A Framework for Modeling Cancer Evolution in Single Cells

"Notes from the Lab" spotlights innovative work addressing problems in cancer research and care from Columbia investigators, post-docs, fellows, and students.

April 28, 2023

The Tavaré Lab

Dr. Khanh Dinh is a postdoctoral research scientist in the Irving Institute for Cancer Dynamics (IICD) and the department of statistics. Dr. Simon Tavaré is the Herbert and Florence Irving Director and a professor of statistics and biological sciences. He is also a member of the Herbert Irving Comprehensive Cancer Center.  

We develop mathematical models and computational algorithms to study DNA-sequencing data and learn about different aspects of cancer evolution. From this data, we can discover the age of tumors, the rates at which different cancer drivers occur, and how those drivers influence tumor evolution.

The Research

This work was recently presented at the 2022 European Conference on Mathematical and Theoretical Biology (ECMTB) and at the Irving Institute for Cancer Dynamics’ Mathematical and Computational Methods in Cancer and Biology Symposium. Previous research on the same topic “Statistical Inference for the Evolutionary History of Cancer Genomes,” was also published in Statistical Science.

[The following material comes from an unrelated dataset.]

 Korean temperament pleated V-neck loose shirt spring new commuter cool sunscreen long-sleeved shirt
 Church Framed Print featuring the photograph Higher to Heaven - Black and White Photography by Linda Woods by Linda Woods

The Cancer Problem We Are Solving

Since the 1970s, numerous studies have applied the theory of evolution to cancer research, using a mathematical framework to study tumor samples and learn how cancers evolve. These studies demonstrate that different cells in a tumor exhibit different genomes, and that evolution has favored the selection of tumor cells that promote tumor expansion, relapse, and metastasis. These mathematical models have been used extensively since the dawn of DNA sequencing (DNA-seq), leading to significant insights into how cancer develops. However, most of these models focus on the role of DNA mutations in driving cancer evolution. 

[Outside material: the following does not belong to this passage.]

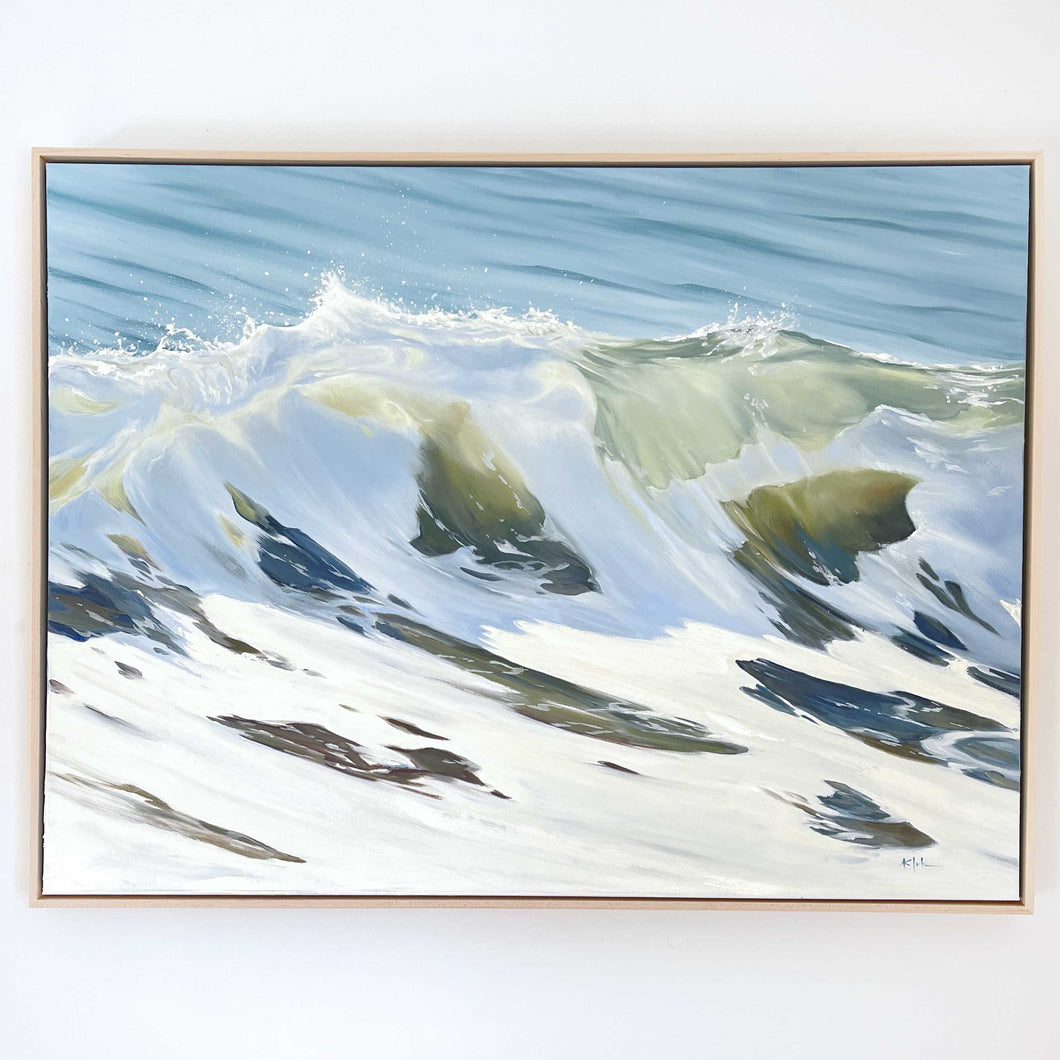 Fine art ocean painting cresting wave light and foam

In the last decade, advances in DNA-seq have brought about an appreciation for the role of other DNA modifications in causing cancer such as the instantaneous rearrangement of the entire genome or the duplication or deletion of a small region on a chromosome. Though they likely have a role in causing cancer, it is difficult to understand how these different components affect each other and together contribute to cancer development. We have been working to establish both a modeling framework that can track multiple DNA change mechanisms and numerical algorithms that use this modeling framework to analyze DNA data.

What We've Uncovered So Far

We constructed a mathematical model that tracks the DNA profiles of single cells over time. These DNA profiles evolve as genomic damage occurs, fueling the selection of different clones. We then developed an efficient algorithm to simulate large cell populations. Finally, we built optimization algorithms that find the model parameters for a given cancer dataset. Our algorithms to find parameters from general DNA-seq data have shown agreement with empirical chromosome scores, indicating that the model is biologically relevant.  

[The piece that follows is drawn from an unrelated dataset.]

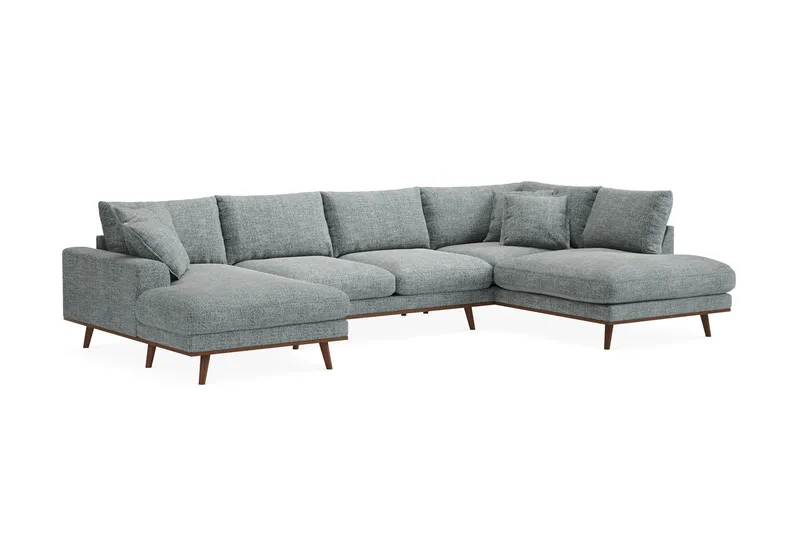 Copenhagen Premium 5-sits Högervänd U-formad Djup Soffa med Divan och Schäslong i Chenille - Grå/Blå - Products - Möbler - Soffa - U-soffa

When applied to general DNA-seq data, the model maps the DNA change patterns across the cancer genome to quantitative scores for individual chromosomes. These scores have shown remarkable agreement with different gene types located on these chromosomes, therefore proving the model’s biological relevance.

Why Is this Discovery Important?

It is difficult to predict treatment outcomes, the likelihood of cancer relapse, and metastasis if we do not have a clear picture of how cancer forms in the first place. Many aspects of DNA changes and selection forces together contribute to tumor formation.  

To effectively treat cancer, it is essential to understand how a tumor forms and adapts to a changing environment. This is made possible by recent technological breakthroughs, which have allowed us to appreciate the diversity that exists between cancer cells. However, to develop a systematic approach to analyzing how a tumor grows, we need a mathematical framework that considers all DNA modifications simultaneously. We aim to provide the research community with a modeling framework and algorithms to take apart these puzzle pieces.

Next Steps

We are currently developing algorithms for single-cell DNA-seq datasets, which can find DNA modification rates and selection rates that are difficult to untangle from bulk DNA-seq data. The algorithms will be used to analyze single-cell DNA-seq data from our collaborators at Memorial Sloan Kettering Cancer Center and Columbia University. Further on, the algorithm suite will be publicly available for the research community.